In order to counter this, I suggest we turn our focus away from large, national organizations and get back to basics using the Jerry Maguire method – fewer organizations, more personal attention.
Word of mouth remains the strongest form of endorsement and influence. You ask advice from those you trust. You tend to align yourself with people who think similarly, or whom you look up to.
Conservatives have been isolating themselves for years. We only talk to people who think, look, have stickers, belong to the same clubs that we do. This does nothing to move the ball forward, it only makes us feel better about what we think.
Churches know this strategy, only they call it church planting. Instead of focusing time, money, and staff resources on building mega churches around the world, they raise up pastors to begin church plants.
Church plants are faster, cheaper, easier ways to grow the Gospel message because it’s easier to invite a friend to come and grab coffee one-on-one, than it is to come walk into a 30,000 person auditorium on a Sunday morning.
Conservatives need to go back to basics. Have neighbors over for coffee. Join a local town Board, Commission, HOA, etc., and get to know the people in your community so they can learn that most of the time, Democrats and Republicans see the same problem; we just disagree about the method of solving the issue.

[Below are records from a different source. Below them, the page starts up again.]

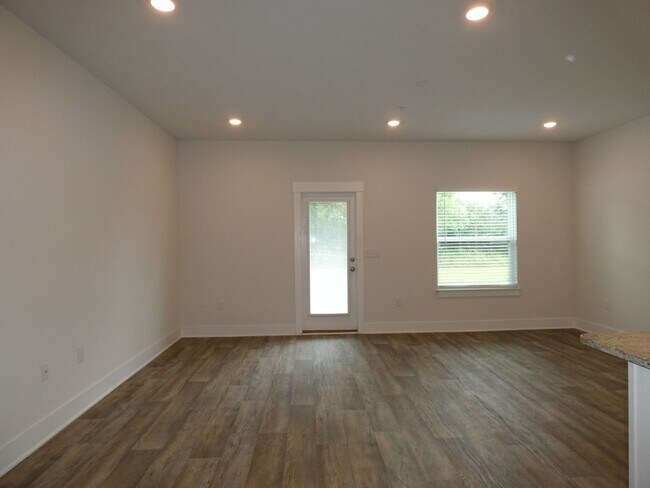 Photo - 3-Bedroom Townhome - Admiral's Quarters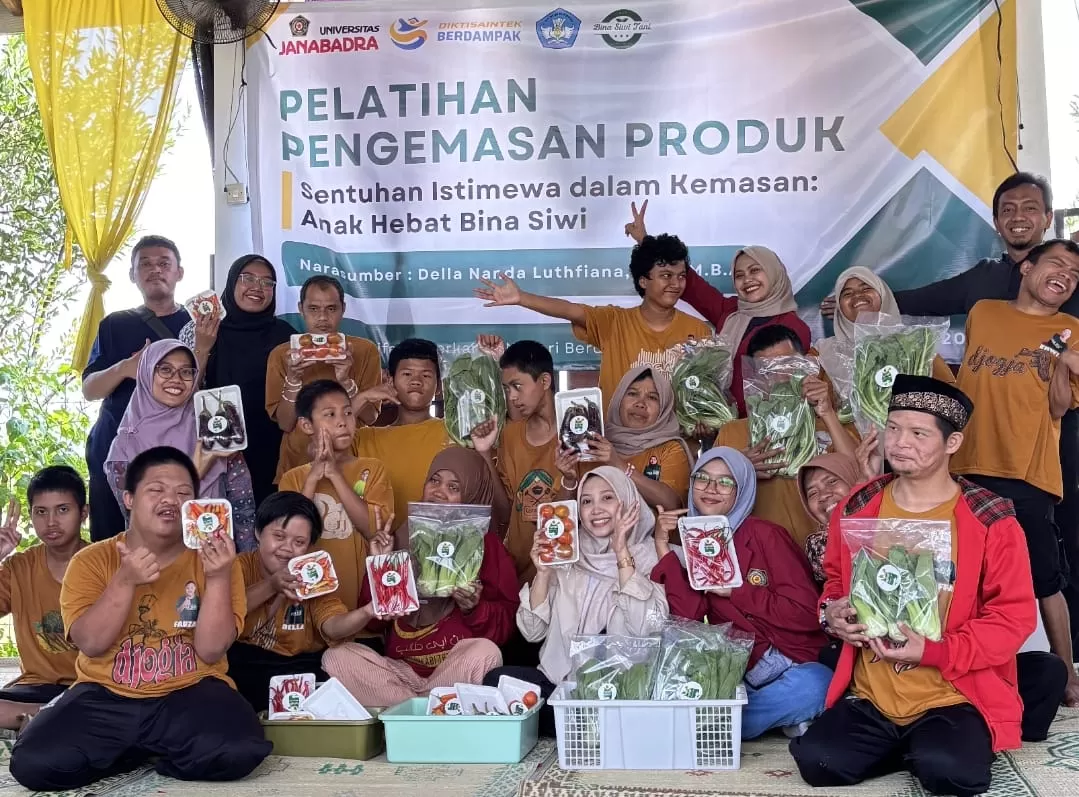 Foto: Tim pengabdian UJB bersama anggota Kelompok Disabilitas Bina Siwi dalam kegiatan pelatihan. (Istimewa)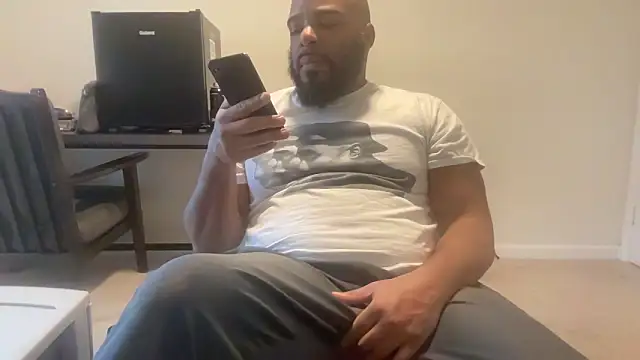 Snapshot of Bbcfun44 chatting on 12.03.25 Bbcfun44 online show from 12.03.25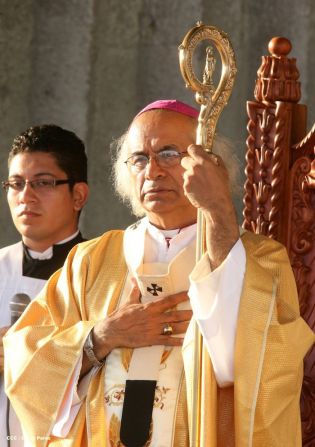 Miles de feligreses festejan el año nuevo con solemne procesión del Santísimo y eucaristía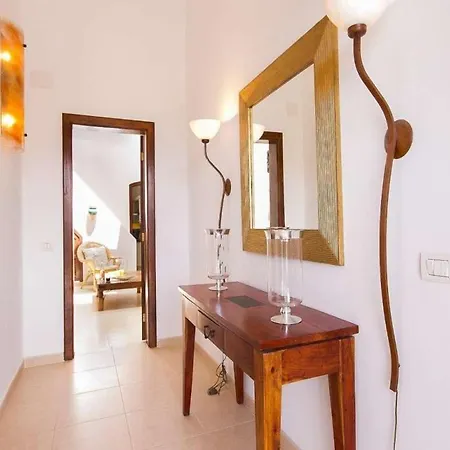 Villa Sleeps 8 Pool Wifi *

The large, national organizations in the conservative movement should focus their attention on building up local grassroots activists who can strategically influence their communities. The left does this exceptionally well and we fail at it, over and over again. Stop spending all your time and money on one piece of legislation and instead focus on influencing school board races in dozens of districts that can have an impact on education curriculum, gender ideology, religious persecution, gun control, etc.
This strategy can not only stop some progressive policies before they gain traction, but it can also train up future generations of leaders, elected officials, and policy makers.